6.如果是主库出现这个问题，如果是索引，那么重建也行，但是如果是表，那么只能忍痛丢失数据！使用exp尽可能的抽取正常的block数据记录~
7.如何判断会出现这种场景,检查rman备份的数据文件scn 是否< v$datafile视图中UNRECOVERABLE_CHANGE#，如果小于，说明有在备份文件之后，DB产生nologging的相关操作，这个操作被归档日志记录，但是RMAN备份的文件blocks不包含~
8.建议搭建DG肯定开启force logging规避问题！

2.2OGG

2.2.1 OGG报错

每天混日子挺开心的，突然有一天客户问了一个问题？
1、OGG-01973 The redo record indicates data loss on object
这个抽取进程报错原因是什么  （ogg12.2版本的）
2、如果加上这个参数tranlogoptions _allowdataloss会丢数据吗

What???这是啥？啥啥啥？？？套路-MOS-必应-百度

2.2.2 MOS资料库检索问题相关的文章

1）OGG升级版本并且使用压缩功能后,存在报错，解决办法排除过滤临时表！不符合！

OGG-01973 Oracle GoldenGate Capture For Oracle -
 The Redo Record Indicates Data Loss On Object <X > (Doc ID 1629057.1)	
After GoldenGate upgrade from 11.1.1.3 to 11.2.1.0.14,  errors occur in the log 
file and extract process 
2014-01-06 22:18:45  
ERROR   OGG-01973  Oracle GoldenGate Capture for Oracle, <extract_name>: 
 The redo record indicates data loss on object 276971
CAUSE
Compression Advisor (delivered with DBMS_COMPRESSION in 11gR2) is used.
DBMS_TABCOMP_TEMP_UNCMP and DBMS_TABCOMBP_TEMP_CMP
 are tables which are created and dropped dynamically by Oracle.
If you check the object ID reported in the error message, 
the object ID is already gone.
So we can see in the extract parameter file :
TABLEEXCLUDE *.DBMS_TABCOMP_TEMP_CMP
but not
TABLEEXCLUDE *.DBMS_TABCOMP_TEMP_UNCMP

2）表数据使用Nologgin的情况导致OGG无法从日志中解析数据！符合

OGG v11.2 Extract abends with 
"OGG-01965 The redo record indicates data loss on object <object id>"
 or "OGG-01973 The redo record indicates data loss on object <object id>"
 (Doc ID 1483431.1)
Oracle GoldenGate - Version 11.2.1.0.1 and later
Information in this document applies to any platform.
SYMPTOMS
2012-08-02 09:10:09  ERROR   OGG-01965  The redo record indicates data
 loss on object xxx,xxx.
or
2012-18-02 05:14:03  ERROR   
OGG-01973  The redo record indicates data loss on object xxx,xxx
CAUSE
Redo log records indicate data missing for the object in question
 and thus the error

SOLUTION
Prior to the code change in bug 14158453 Extract would abend with errors
 similar to following as described in KM note 1465720.1 for
tables/partitions with NOLOGGING regardless of whether the 
tablespace/ database is in logging/force logging mode.

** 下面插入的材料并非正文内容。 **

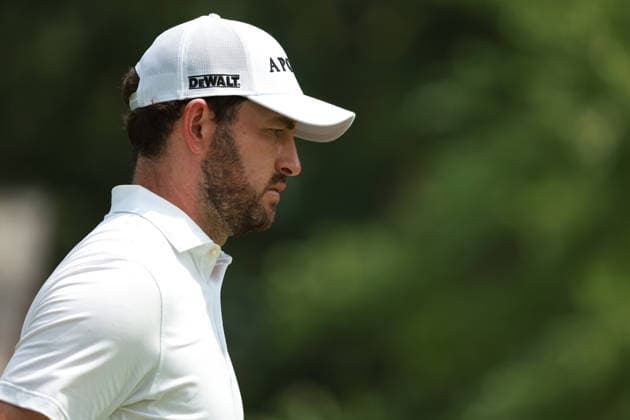 Rocket Classic DETROIT, MICHIGAN - JULY 31: Patrick Cantlay of the United States walks on the 9th hole during the second round of the Rocket Classic 2026 at the Detroit Country Club in Detroit, Michigan, MI, USA Friday, July 31, 2026. Detroit Michigan United States  Copyright: xJorgexLemusx originalFilename:lemus-rocketcl260731_npjIY.jpg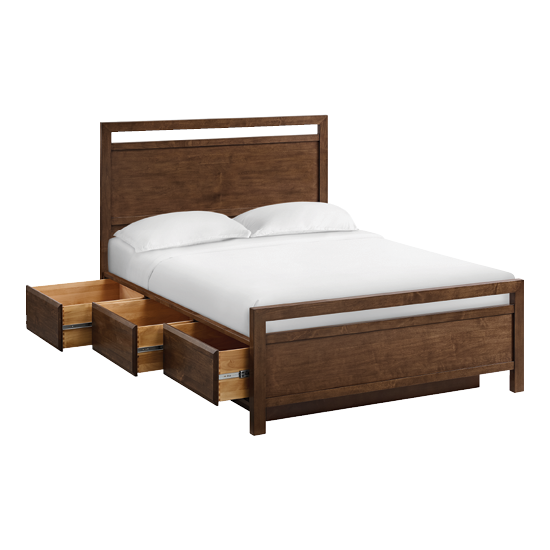 Virginia Queen Storage Bed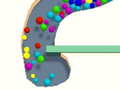 Cluiche Funny Balls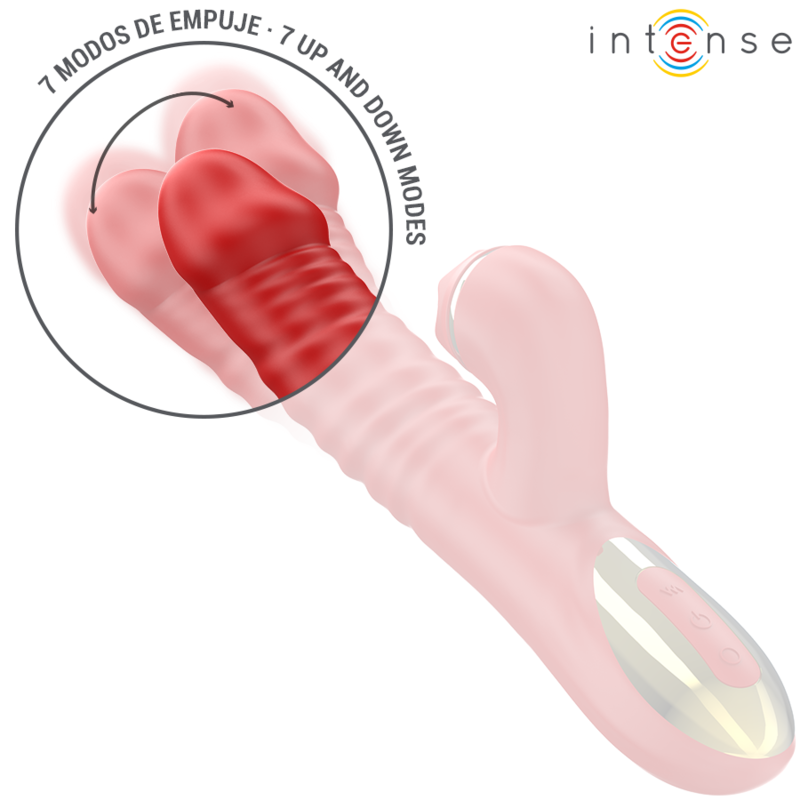 INTENSE - THALIA VIBRATION &amp; SHOCK &amp; TAPPING RED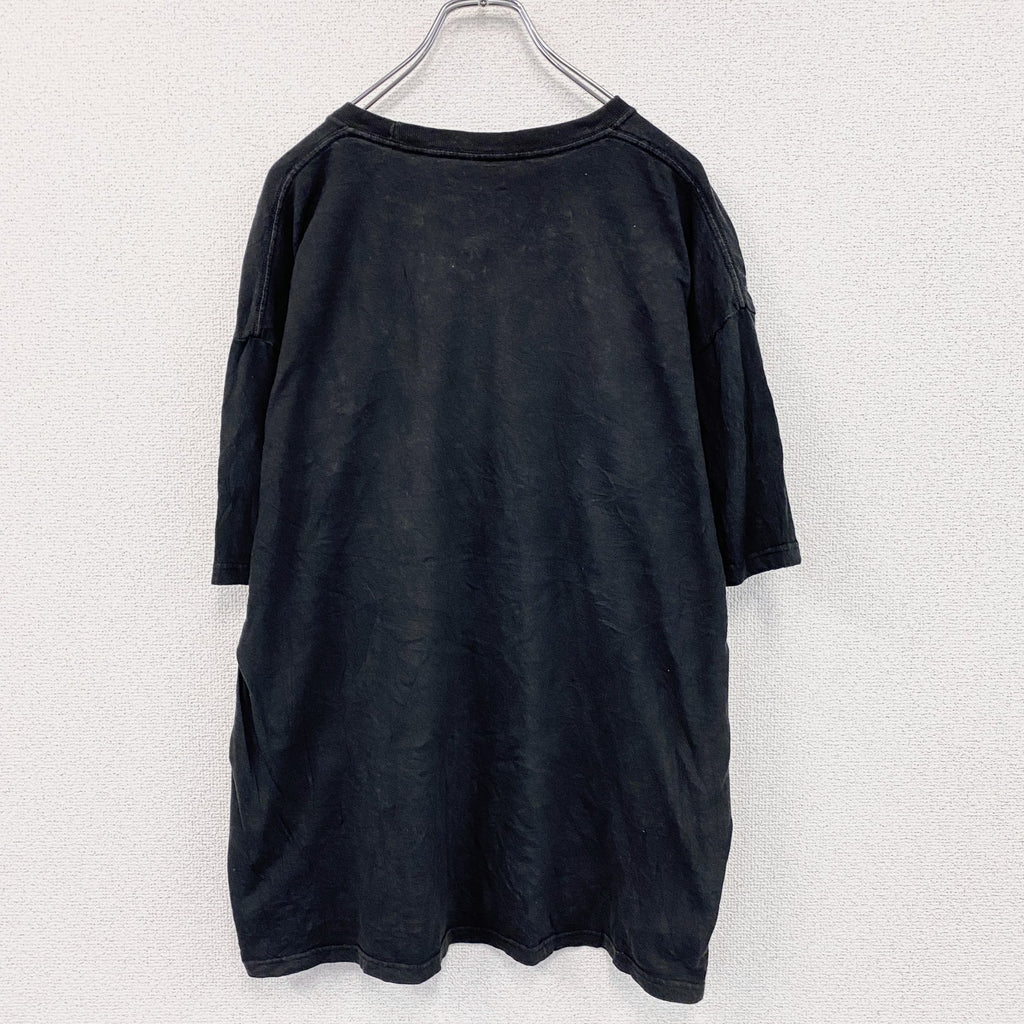 BATMAN　バットマン　半袖プリントTシャツ　ダークグレー　XLサイズ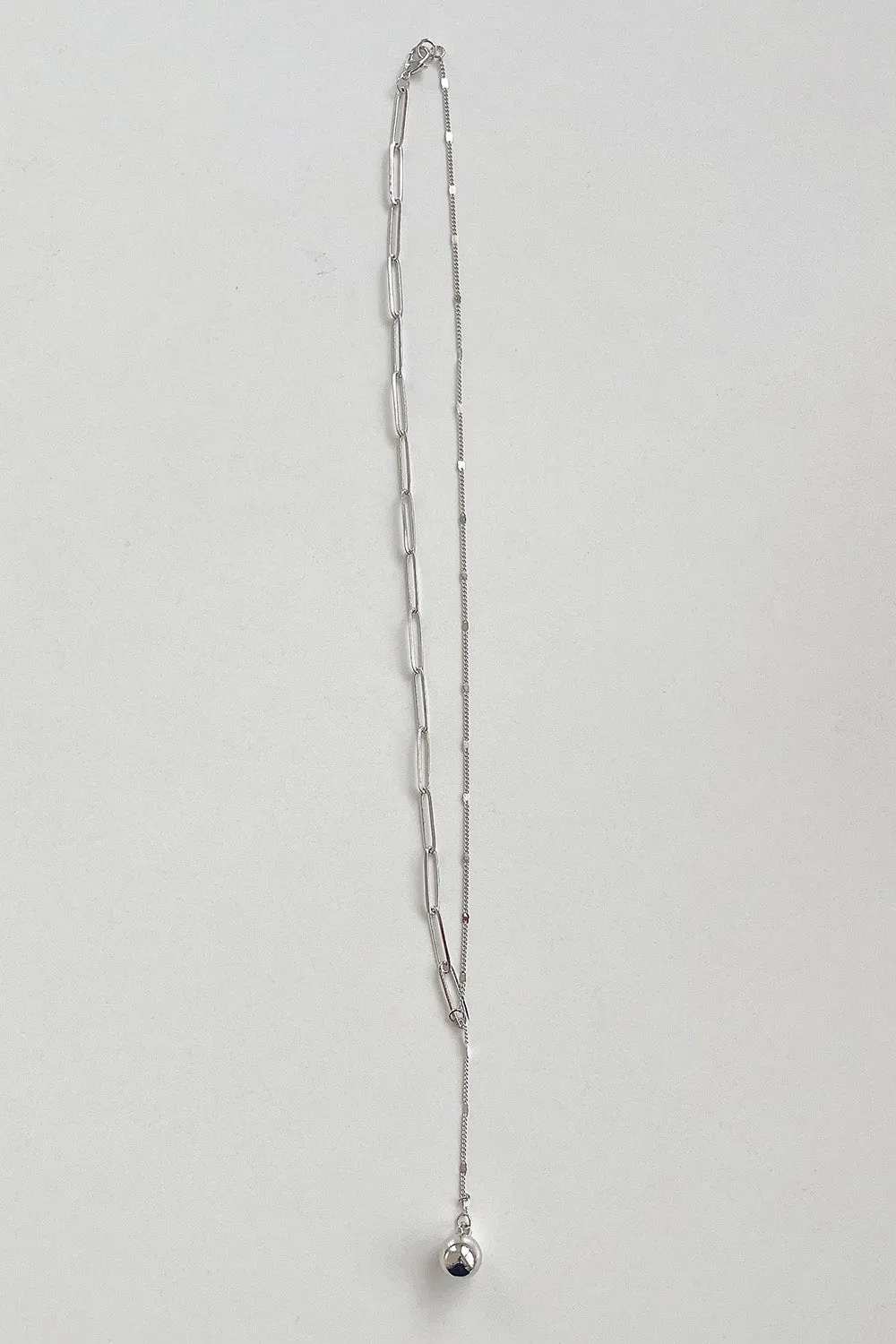 Chain Ball Necklace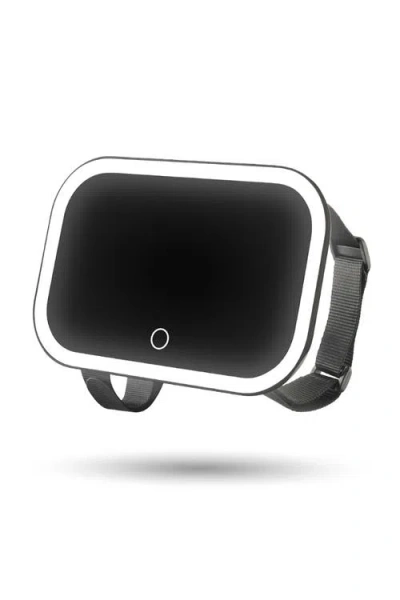 Fancii Juni 2 Lighted Car Visor Mirror In Black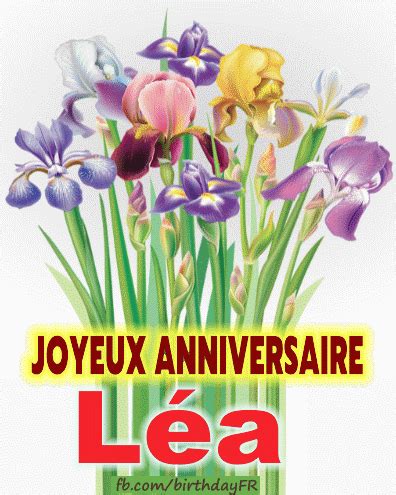 Joyeux Anniversaire L A Image Messages Fr Hbday Art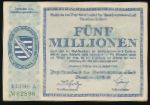 Бавария., 5000000 марок (1923 г.)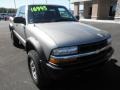 2002 Light Pewter Metallic Chevrolet S10 LS Extended Cab 4x4  photo #2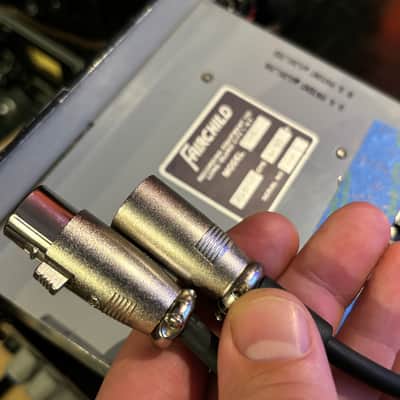 Modified Fairchild 654 low end crossover module for cleaning up your mix! Secret weapon tool, extremely rare and unique module. image 7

ERROR OGG-01960 Failed to validate table <OWNER>.<TABLENAME>. 
The table is created with the NOLOGGING option, which is not supported. 
Extract may not be able to capture data from it.

And DBOPTIONS ALLOWNOLOGGING can be added in the extract to work-around the
 error with known limitations as described in 1465720.1

However post the code change in bug 14158453 the parameter
 DBOPTIONS ALLOWNOLOGGING is no longer valid
Extract no longer relies on the table metadata (logging/ nologging) and
 instead uses special records in the redo log to detect
missing data and when detected it would error as below indicating the object
 id of the table in question (same type of error is signaled when table data
 has been loaded via SQL*Loader with UNRECOVERABLE parameter):

2012-08-02 09:10:09  ERROR   
OGG-01965  The redo record indicates data loss on object xxx,xxx.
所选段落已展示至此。